In my view, a manager’s responsibility is to actively assist employees in managing their work and family needs, helping to find solutions that are fair and equitable to everyone involved, while still delivering work outcomes.
Sometimes family responsibility issues in a workplace are hidden issues. Some managers think their employees do not have childcare or family needs because they do not talk about it at work.
The problem is that many people feel they have to perform at a high standard both in the workplace and at home, and that mentioning home difficulties in the workplace would appear unprofessional. As a result, they never mention their problem to their managers. That does not mean problems do not exist and are not affecting the organisation.
Making Your Workplace Family Friendly: Actions managers can take
- Acknowledging the importance of employees’ family commitments.
- Knowing and supporting the human resource policies that allow for flexible work practices.
- Welcoming discussions of work and family problems.
- Keeping up to date on issues that affect employees with family responsibilities.
- Ensuring meetings are not held early in the morning or late in the evening to allow parents to mesh open and closing times of care provision.
- Recognising that men as well as women have care responsibilities.
- Being aware that excessively long hours adversely affect all employees, not just those with family responsibilities.
- Encouraging employees to work with you to find a mutually appropriate solution to work and family matters.
- Being aware that childcare is not the only type of care that employees perform.
- Being aware that employees with family responsibilities are more productive in a work environment with supportive supervisors and co-workers.
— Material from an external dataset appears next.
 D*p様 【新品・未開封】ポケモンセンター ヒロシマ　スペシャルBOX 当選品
- Understanding families come from a variety of cultural backgrounds and celebrate different family or religious holidays, but do not have the benefit of an officially recognised holiday such as Christmas.
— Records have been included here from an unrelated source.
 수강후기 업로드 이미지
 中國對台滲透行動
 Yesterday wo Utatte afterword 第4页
- Arranging staff on extended leave to receive copies of relevant information. Generally the person relieving in that role should be given the responsibility for ensuring the staff member on leave receives all relevant information about their job including vacancy information, staff newsletters and invitations to social functions.
- Providing support, reassurance and appropriate re-induction for staff returning to work from extended leave.
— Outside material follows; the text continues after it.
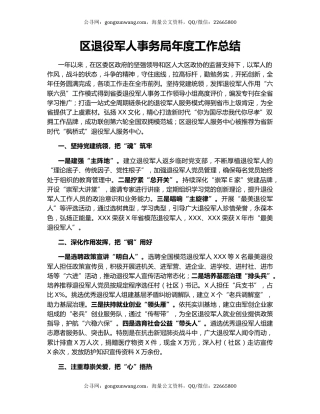 区退役军人事务局年度工作总结.docx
- For employees who need to maintain contact with their family when they are at work, being supportive of periodic contacts by telephone.
- In a workplace where employees are not able to be contacted for extended periods, agreeing on a contact number that can be used in an emergency by family members or care providers.
- Reviewing training practices. Are programs conducted during normal working hours and close to where employees normally attend work? Is it possible for part-time staff to attend full day training or would it be more appropriate to consider half day training?
- Travelling often causes difficulties for people with family responsibilities. Try to avoid residential training, although if not possible, review the assistance (both physical and financial) that those employees will need to ensure that they are able to gain maximum benefit from the program. Where employees incur additional family care costs, you may want to reimburse these costs.
Barriers to Change
There are a number of barriers to overcome to make a workplace “family friendly”. Managers often do not know how to manage all this flexibility, so take the easy option, non-approval. Inadequate training of managers in how to manage flexibility is a barrier to change.
Even where policies are family friendly, unless managers actually support them, they will not be used. Many staff will be afraid that to use the policies will derail their careers, so this barrier needs to be openly discussed.
Often work/family policies are seen as policies only for women and the women who use them are generally seen as having their loyalty split between their families and the organisation and are therefore “suspect’. Policies need to be broad enough to cover families of all types and the culture of suspicion needs to be tackled head on.
Where policies only support families with young children, resentment is often triggered amongst other staff. Strategies must be inclusive of all employees with different care and study responsibilities.
Another barrier is the value of “face time” – the longer you are at your desk, the higher you are valued. This contrasts with valuing the contribution, no matter how or where it was arrived at.
The bottom line is the support of the manager is crucial in assisting employees with family responsibilities to reduce stress levels as they attempt to balance often conflicting responsibilities. A climate of honesty and ‘give and take’ is the one that needs to be cultivated within a workplace for this to work.
There is no one “right way” to make a workplace family friendly, just like there is no one ideal family, so solutions need to be tailored to suit the businesses and the people within the business.